所以司徒威很快便決定,將府外的情況,開誠佈公地告訴大家。

「諸位,」他臉上勉強一笑,說道,「府外已經來了些官兵,看勢頭,來者不善啊。」

「什麼?」剛才還趾高氣揚的一眾黨羽,霎時間如喪考妣。

甚至其中有幾個心理素質不過硬的,竟號啕大哭起來!

見大家如此失態,司徒威臉色鐵青。

縱然大難臨頭,但他還能強自鎮定。

「不要慌!」他揮手大叫道,「方才已探明,外面不過一些巡城軍和玄武衞而已,並無四靈軍團的勁卒。我們還衝得出去!」

為了安眾人之心,他故意沒說皇城禁軍也來了,要知道禁軍到來本身所包含的意味,要嚴重和可怕得多。

「哈哈!」眼見眾人還是低頭不語,司徒威猛地放聲大笑道,「他們還是小看老夫了!區區玄武衞和巡城軍,豈能困得了我司徒威?大家請放心,我府中暗藏私兵八百,更有法師五十名,要衝出去,完全沒問題!」

「這、這是真的嗎?」聽了他的話,這些司徒威同黨面面相覷,半信半疑。

「當然!」司徒威掃了這些人一眼,傲然說道,「為了我等大事,老夫籌劃了不下十年。今日這場面,如何料不到?」

「諸位儘可放心,我司徒威在此發誓,今夜就算拼得老夫一人身死,也要保各位平安衝出去,否則也對不住各位眷顧信任之情!」

這年頭,發誓還是很有信用的。聽得司徒威親口立誓,本來將信將疑的同黨們,這才有些放下心來。

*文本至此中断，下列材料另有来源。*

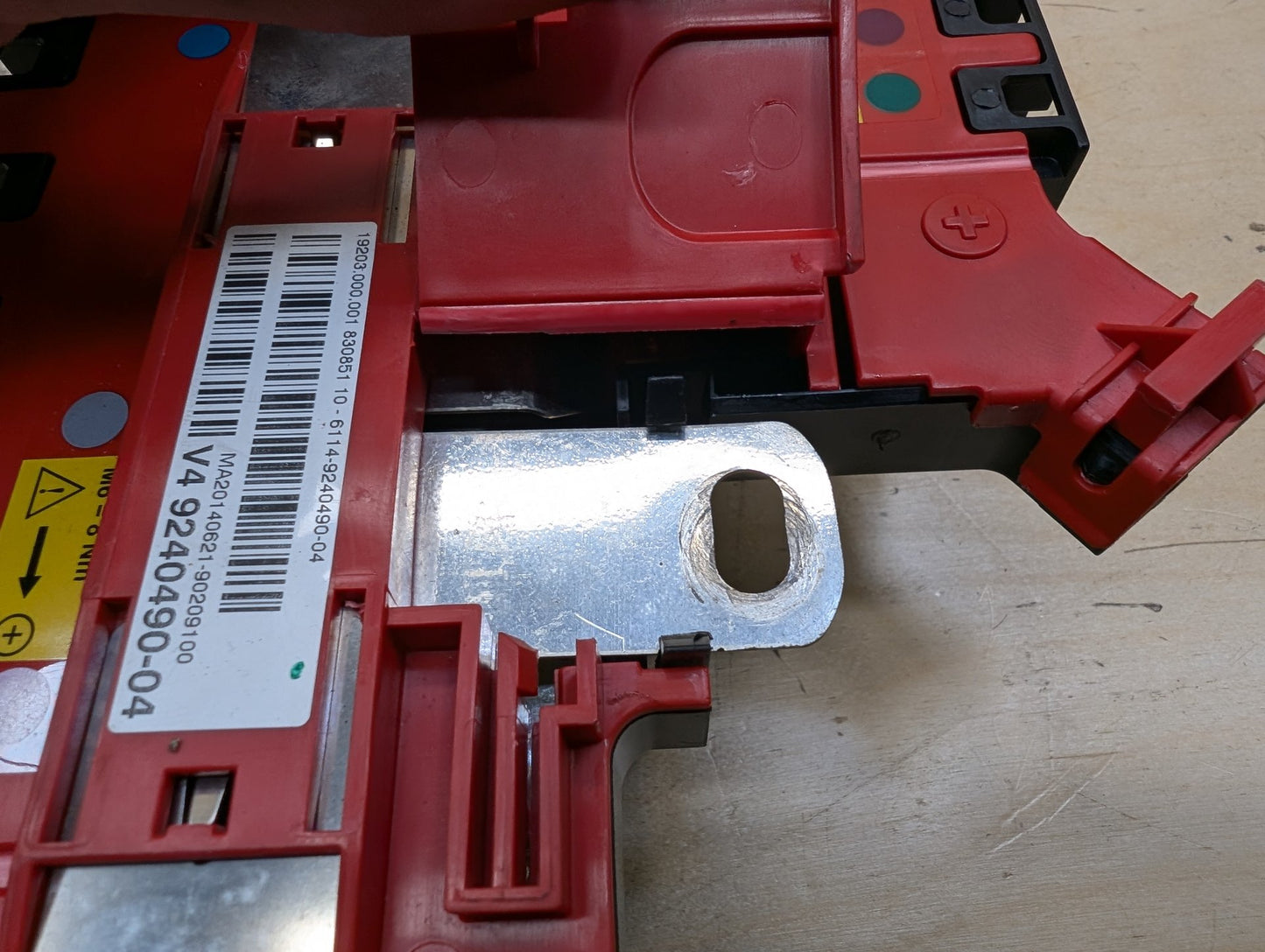 OEM BMW F02 F06 F10 F12 F13 G30 M5 M6 Battery Rear Power Distribution Fuse Box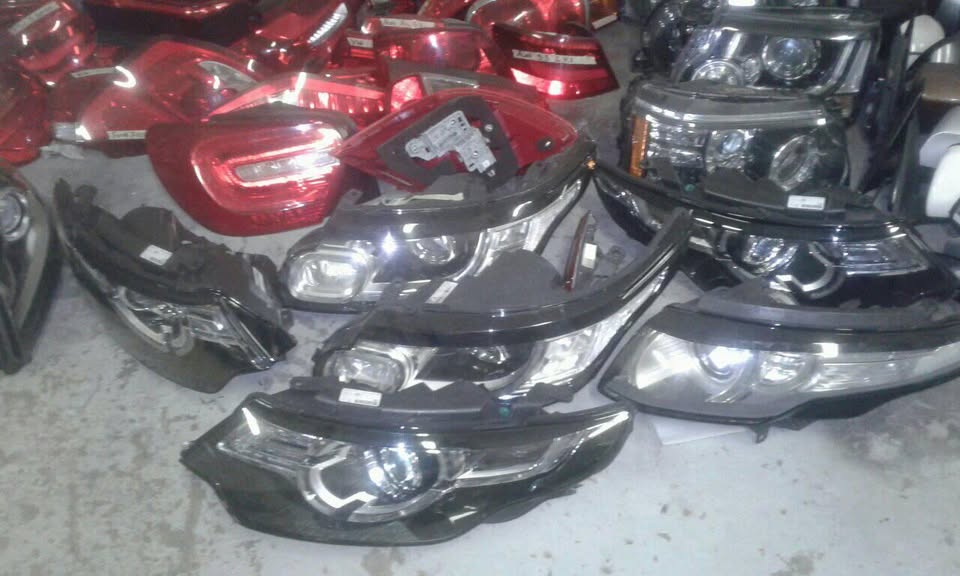 Lange rover headlights - Private Seller Lange rover headlights - Private Seller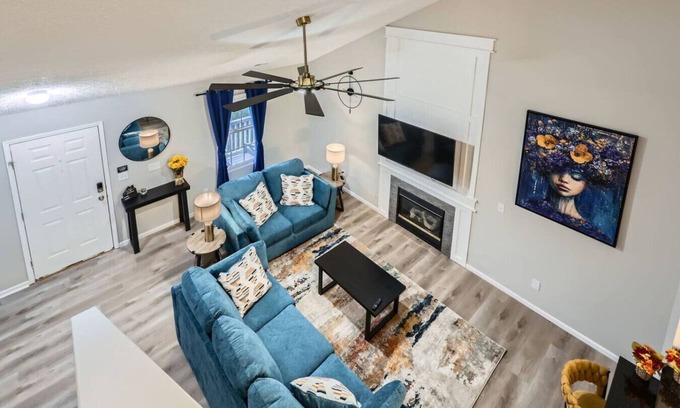 Columbus Maison | Bright 3BR Home w Garage near CMH & Ohio Dominican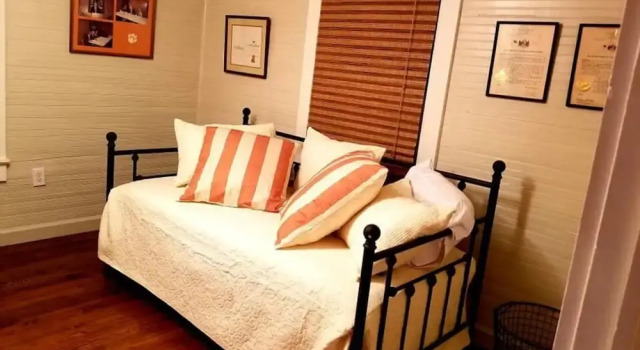 Коттедж Clemson Memorabilia House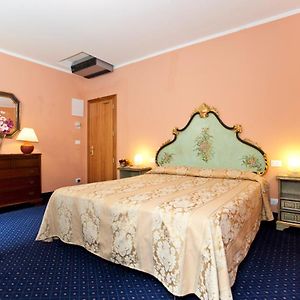 Chambre Standarde Lit King-Size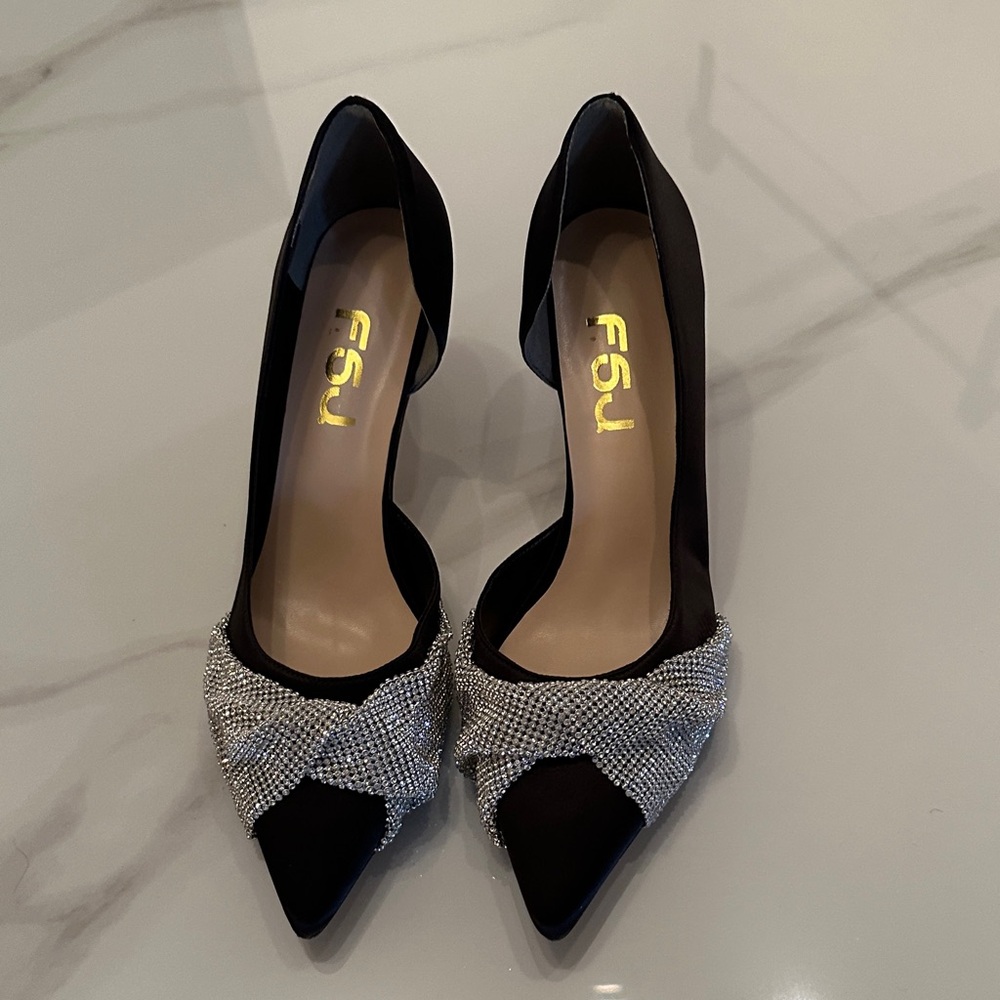 FSJ Women's Elegant Black and Silver Heels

心神略安之際,想起剛才司徒威有些決絕的話語,他們也有些不好意思,便想說點客氣話。

但幾乎所有人,嘴角囁嚅了幾下,心中醞釀的客氣話兒,終究還是沒有說出來——因為眼前的情勢,真的出人意料,也到了最危險的時刻。他們真怕自己一兩句客氣話,司徒威就當了真,不出死力,自己便真的沒法活著走出去了。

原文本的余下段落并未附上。